One of the common principles of security is not to include production credentials in development where they are easily shared, lost or exposed to hackers. In the world of DevOps and Infrastructure-as-code, it is even more important where deployments are automated, to make sure that credentials are locked down suitably.

In the world of Microservices and Kuberenetes, there are generally two types of data that are environment-related. One is simply environment variables that are not necessarily secret but are required to perhaps set a connection string or the level of logging. These can, and usually should, be set as environment variables in your deployment. They can easily be substituted using CI/CD tools for each environment.

Secrets, on the other hand, could be added as environment variables but are not necessarily completely environment-dependent and are also easier to expose to any systems running on that node. A better solution is to use Kubernetes secrets, which are really just data that are mounted as files into the pod containers and can therefore be read securely.

The need for automated Secret deployment

We had a scenario the other day where we realised at very short notice that the secrets for our dotnet core microservices were expired and there are a number of problems with this. Firstly, I only had scripts to update the secrets because it is not something I do every day and hadn't automated it. Secondly, the file watcher used by json config files in dotnet core does not see file changes to these secrets so even if you update them, you either have to redeploy, restart or scale down and up the pods to get new instances that will reread the secrets. We had issues for around 15 minutes but fortunately, they are not critical infrastructure for most parts of our system and it was 5:30pm!

I decided I needed to do something more automated so that it would be easy to get a quick deployment, ideally using the existing variable substitution that we use with most apps via Octopus Deploy.

Setting up the Dotnet Core microservices

Initially, I used the same name for the secrets file that was injected into the pod and read with AddJsonFile in the service. This required a lot of fiddling around when deploying changes since you have to use the correctly named file as the source to kubectl create secret. All I did was add an additional optional file load with a service-specific name (system, auth, templates etc.) so that it wasn't a breaking change. 

I also added a ps1 file which does the magic. It basically deletes each of the app settings secrets and then creates a new version based on the local json files.

kubectl delete secret secret-appsettings-auth-production --ignore-not-found=true
kubectl create secret generic secret-appsettings-auth-production --from-file=./appsettings.secrets-auth-service.json

As simple as that. Octopus can run this script directly from a package.

As with all development, especially with production systems, I tested it at each stage with test names to make sure the syntax was correct and all worked as expected.

Configuring Team City

Our build server then needed to create a package containing all the source json files for variable substitution as well as the ps1 script. In Team City, this is a single step build configuration using the OctopusDeploy: Push Packages step which you can set a bunch of wildcards all pointing to the same zip file including the build number and then ticking the box to "publish packages as build artifacts", this was helpful for testing, although it was not needed in general.

I ran the build once and checked that the zip file artifact only contained the various json files and the ps1 deployment script.

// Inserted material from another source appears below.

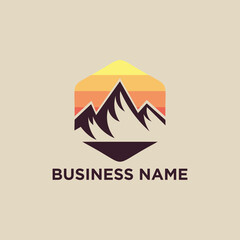 Wall Mural - mountain vintage logo design vector, adventure retro design inspiration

Since I was not automatically invoking the Octopus deployment step, this was safe to do.

Configuring Octopus

Fortunately it wasn't too bad to setup Octopus. I couldn't get Octopus' deploy secrets step to work since it looks like it only works with key/value pairs and not file-based json. I instead used the Run Kubectl CLI script step. In some ways it is just a script but the functionality allows the system to work out which environment to login with before running the script so that kubectl hits the correct location.

Inside this step, I simply specified that the script would run from a package and pointed to the package that Team City was pushing. I also locked it down to Production because our dev environment works differently and doesn't use secrets.

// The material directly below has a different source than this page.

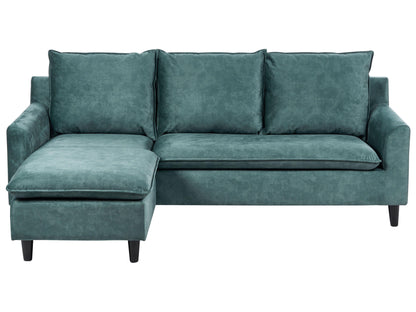  Corner Sofa 3 Seater ELVENES Velvet Teal Right Hand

I included the Json Configuration Variables and Substitute Variables in Files features so that Octopus would do the variable substitution and also added the relevant parameters to an Octopus variable set.

When I initially tested it, I only included the script for one of my test secrets. After deploying and using kubectl, I downloaded the secret, base64 decoded it and confirmed it had done both types of substitution.

Now all I need to do in emergency is update the keys in Octopus, hit the deploy button and either deploy the microservices or manually scale them, which only takes seconds. If we are more organised, we would be updating secrets pre-emptively and also enabling scheduled microservice deployments to ensure we are getting OS fixes.